In connection with the delisting, Luxottica intends to apply to the U.S. Securities and Exchange Commission for the deregistration of its shares registered with the SEC and the termination of all its reporting obligations under the U.S. Securities Exchange Act of 1934.

“The decision does not affect in any way our strategic vision for the United States, which represents our core market. We also remain fully committed to our U.S. shareholders, as the Company’s ordinary shares will continue to be traded on the Borsa Italiana, providing liquidity for all our investors, without affecting the Group’s access to capital,” stated Leonardo Del Vecchio, executive chairman of the group.
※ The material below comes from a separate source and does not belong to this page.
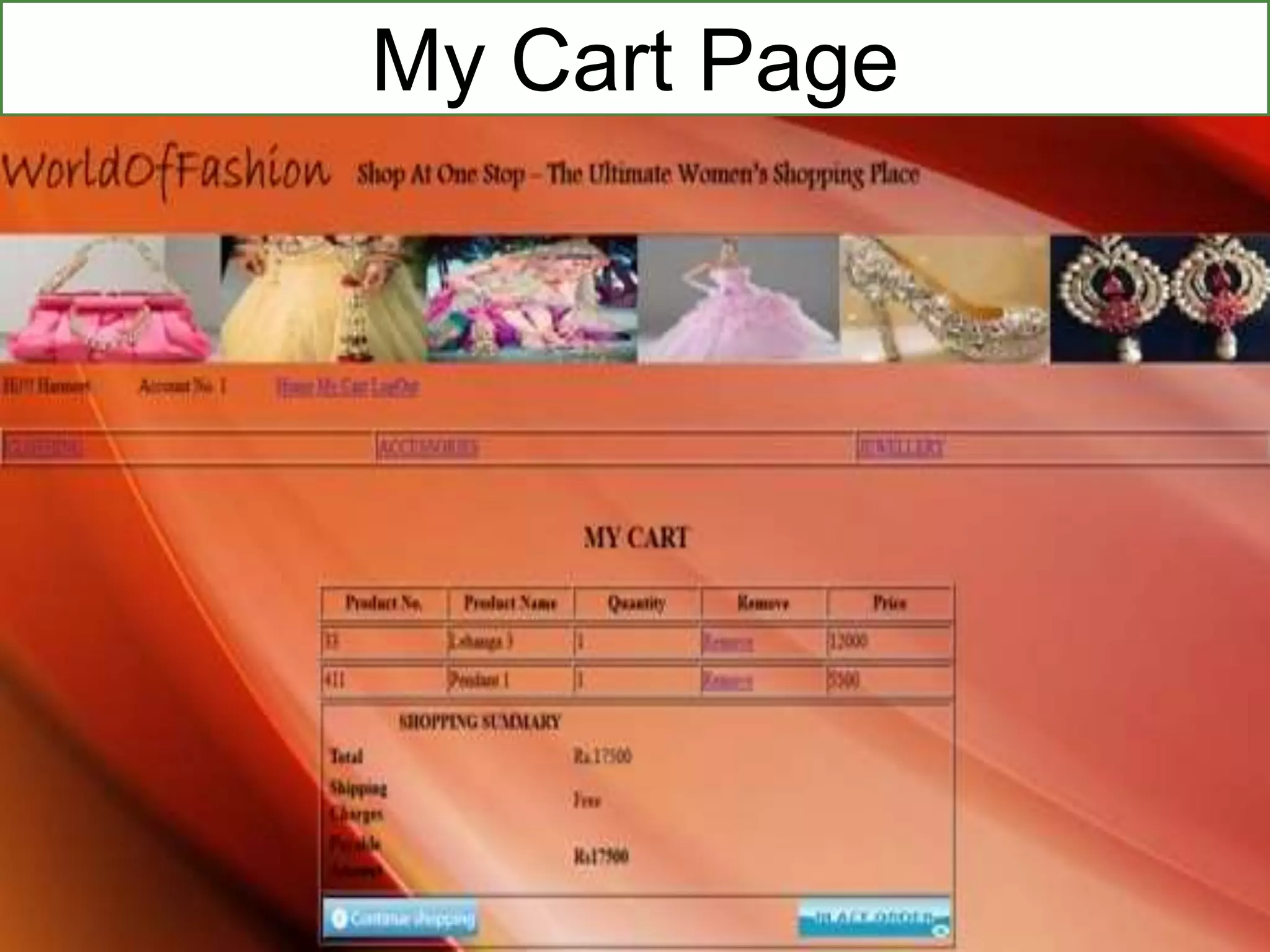 My Cart Page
The Group’s decision to delist from the NYSE is based on the following factors:
• (i) The trading of the Group’s shares has shifted significantly to the Italian market. For the 12 months ended May1, 2017, trading in the U.S. represented only 3.7 percent of Luxottica’s worldwide average daily trading volume.
• Maintaining a listing and registration in the U.S. entails significant administrative costs.
• The delisting will also be efficient in light of the combination with Essilor (Euronext Paris: EI).
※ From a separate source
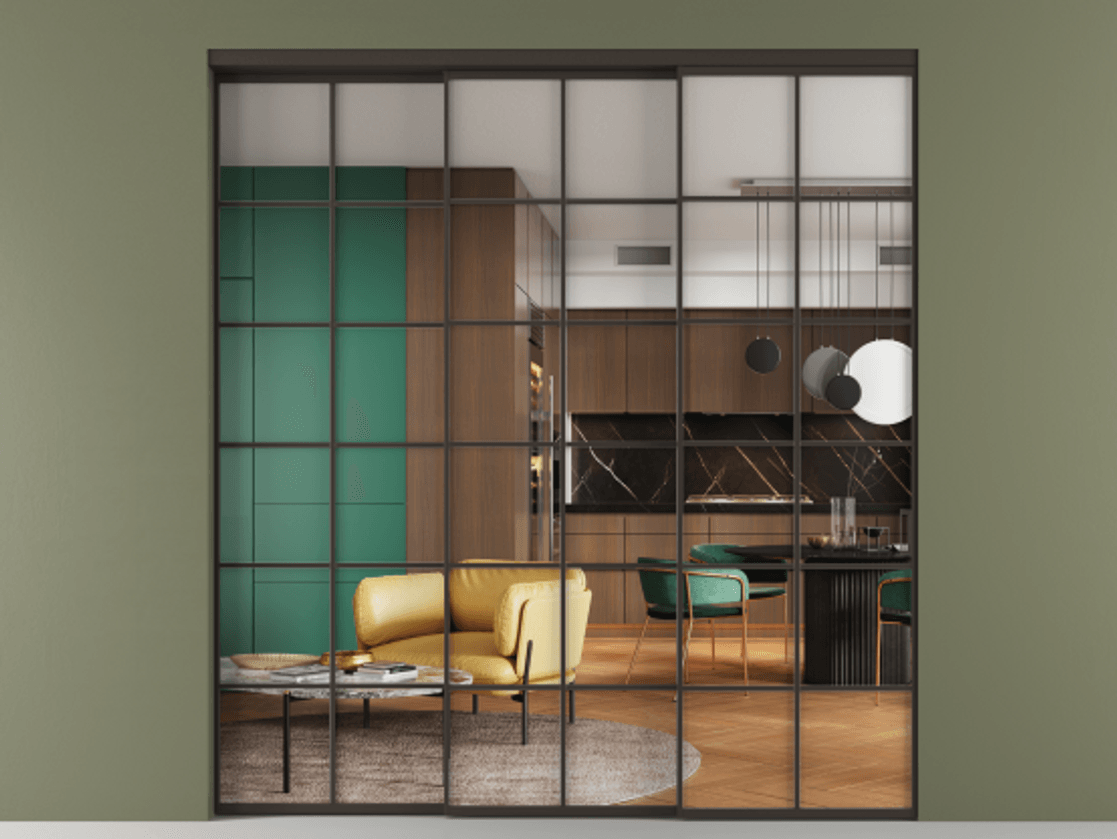 Перегородка Формато внутри проёма 3 створки с синхронным механизмом АЛПР 040.05 Алюминий антрацит Прозрачное стекло "Кристал Вижн", калёное. Цена 420710 ₽ 1. Полотно 3 шт. (800/2100 мм)
2. Комплект установки раздвижной системы
3. Базовый комплект фурнитуры
4. Комплект фурнитуры телескопик синхро-2
5.Ручка Рондо. Фабрика дверей Волховец 8 (800) 551 43 19 Перегородка Формато внутри проёма 3 створки с синхронным механизмом АЛПР 040.05 Алюминий антрацит Прозрачное стекло "Кристал Вижн", калёное Цена 420710 ₽ | Volhovec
“Delisting from the NYSE is part of our efforts to simplify the organization in the group over the past two years, particularly given the comparatively low level of trading activity that has developed in the United States. It will assure savings in costs that will benefit all shareholders and it will also be efficient in light of the combination with Essilor,” commented Del Vecchio.

He added, “Luxottica was the first Italian company to be listed on the NYSE in 1990 before being listed in Italy. We will always be proud of a courageous choice that has brought to our group great visibility and prestige at an international level.”
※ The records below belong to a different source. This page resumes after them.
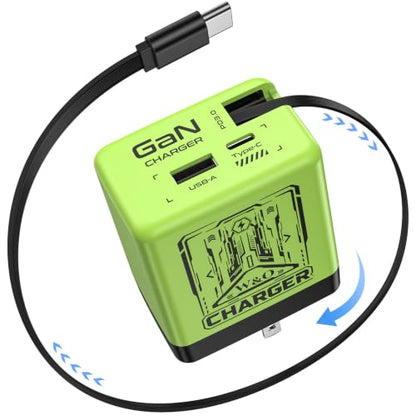 W & O Retractable Phone Charger with USB C Cable for iPhone17/16/15 - color: Green
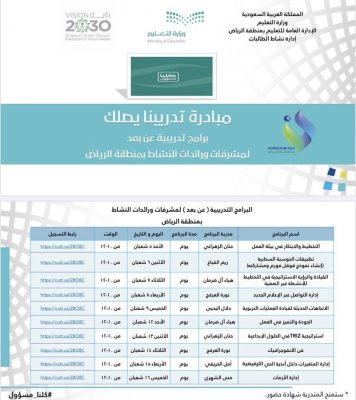 تعليم الرياض يطلق مبادرة “تدريبنا يصلك” لمشرفات ورائدات النشاط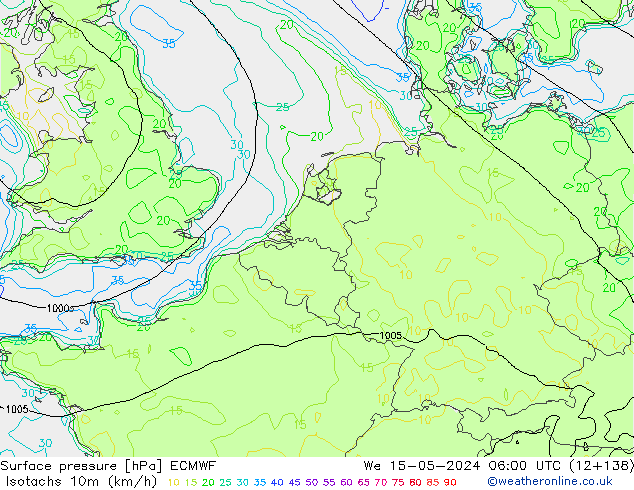 Isotachen (km/h) ECMWF wo 15.05.2024 06 UTC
Luxottica reiterated its commitment to maintaining its high standards of corporate governance and transparency with respect to financial reporting, as well as its internal control system. Luxottica will remain subject to the market rules of the Borsa Italiana and all laws and regulations applicable to listed companies in Italy.

Luxottica expects to file a Form 25 with the SEC on or about June 6, 2017 to initiate the delisting. The delisting of the ADSs should become effective 10 days after such filing. However, the anticipated effective date of the delisting may be delayed if the SEC postpones the effectiveness of the application to delist or for other reasons.

The company also said the effective date of the delisting may be delayed if the SEC postpones the effectiveness of the application to delist or for other reasons. Following the effectiveness of the delisting from the NYSE, Luxottica intends to file with the SEC a Form15F to deregister its shares with the SEC and terminate all its reporting obligations under the Exchange Act.

Luxottica expects that its obligation to file reports with the SEC will be suspended immediately upon the filing of the Form 15F. Luxottica reserves the right to delay the filing of the Form2 5 or Form15F or withdraw either Form for any reason prior to its effectiveness.

Following the deregistration, Luxottica said it understands that Essilor does not intend to file a registration statement on Form F-4 with the SEC in connection with the exchange offer that Essilor expects to conduct for Luxottica’s remaining outstanding shares as part of the pending combination. Accordingly, the exchange offer will only be conducted in the U.S. pursuant to an exemption from the registration requirements of the U.S. Securities Act of 1933.

As part of any “squeeze-out” or “sell-out” which may be conducted by Essilor under Italian law following the exchange offer, it is expected that those U.S. shareholders who were not eligible to participate in the exchange offer under the applicable exemption would be eligible to receive cash in an amount calculated in accordance with Italian law.

In connection with the transition to a Level I ADR program, Luxottica expects to amend the deposit agreement with Deutsche Bank Trust Company Americas pursuant to which the ADRs were issued. The amendment is expected to become effective on or about the date on which the Form15F is filed.

Luxottica has not arranged for the listing or registration of its ADSs or ordinary shares on another U.S. national securities exchange or for the quotation of its ADSs or ordinary shares in a quotation medium in the U.S.

The statement continued in connection with the pending combination with Essilor and as a consequence of the modified substantive and economic framework, the Luxottica board also approved today certain amendments to the Group’s Stock Option Plan and Performance Share Plan.

With respect to the Stock Option Plan,the term during which stock options may be exercised has been accelerated taking into account the exchange offer. With respect to the Performance Share Plan, in accordance with the regulations approved by the Group’s shareholders meeting, the amendment includes changes to the performance condition and an acceleration in the granting of awards prior to the end of the reference period 2015 – 2017.

Certain amendments to the Plans are conditional on the launch by Essilor of the exchange offer.